You know all you have to do is "slip up" in Tx to end up in the human warehouse. I can't wait till one of you perfect people slip up and end up in there. I got out of the Army in 1989 and was hanging around the wrong people, they had been breaking into businesses, so I was thrown in there with them. I was only guilty of having the wrong friends. This can happen to anyone at anytime. All you need is a big fat lazy chief of police who doesn't care who gets the wrap.

Anonymous said...

My father is an uneducated individual and stupid enough not to play the prosecuter's games. Turned down a 2 year plea bargain and was subsequentially punished for asserted his rights to trial. He received a 25 yr sentence after blowing a .08 at a TX Nascar road stop. Not that he shouldn't have been punished severly, just was that his previous misdemeanor DWI's were 11 and 12 years prior so they charged his misdemeanor DWI as a felony in 2009 (as the TX code had revoked discluding DWI misdemeanor charges from a decade or longer) He was then told that in 1986, over two decades earlier, when he was in his early 20's he had received a burlary charged, deferred adjudication.
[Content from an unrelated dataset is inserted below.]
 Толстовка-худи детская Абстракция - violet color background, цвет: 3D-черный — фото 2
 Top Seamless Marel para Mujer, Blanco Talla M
He failed to pay $58 amonth for probation. He was in violation of probation and sent to work release phacility in TX. He did not return from work and received an escape in 1989. So in 2010 he received a 25 yr sentence charged under enhanced dwi and enhanced felony (two enhancement paragraphs for the same charge)and is now rotting away in Navasota prison. TX classified his inmate status using conviction from over 2 decades previous so he was chained at the feet and in some special color uniform as if he was an escape risk or something. Recivism does not referr to 3 years out of prison. Guess statues of limitations are for everything put a criminal record. And escape is viewed as one of the same wether it be a barbwire fence or you were allotted time and failed to comply with such rules and regulations. So TX was so worried about the safety of it's public that instead of revoking a license they let him drive with some stupid machine in his car. Dumb to give someone 25yrs before you even find a need to revoke a license. Breathalisers are a cop out to get more profitable slaves into their system. Lucky the feds are TX only restraints or the slavery in TX may be as much as two fold. They took my father and mentally destroyed him and me and my kids in the process. With no help or resources given to the family of the offender who receives 25 yrs. and I have never done anything wrong. Texas is a doomed state, because if what goes around comes around, the lack of wisdom displayed by their judges, allowing the sentencing commission to play the role of judge, leads to their own dimise. Plus sentences can not be more proportionate by sentencing guidlines with no account taken to plea bargaining. When an individual goes from a 2 yr plea bargain to 5 yr plea bargain, to
10yr plea bargain to a 25 yr sentence for asserting his rights to trial. Yeah, dumb mistake, like I said he's uneducated, he's a roofer, and can barely read. The system is about money. You just end up with more time if you don't have it to pay for trial, appeal, or probation attorney.

Anonymous said...

Thank you for sharing your dads story and for speaking up on his behalf.Unfortunately,the legal system in Texas is a insatiable monster,taking in everything in its path.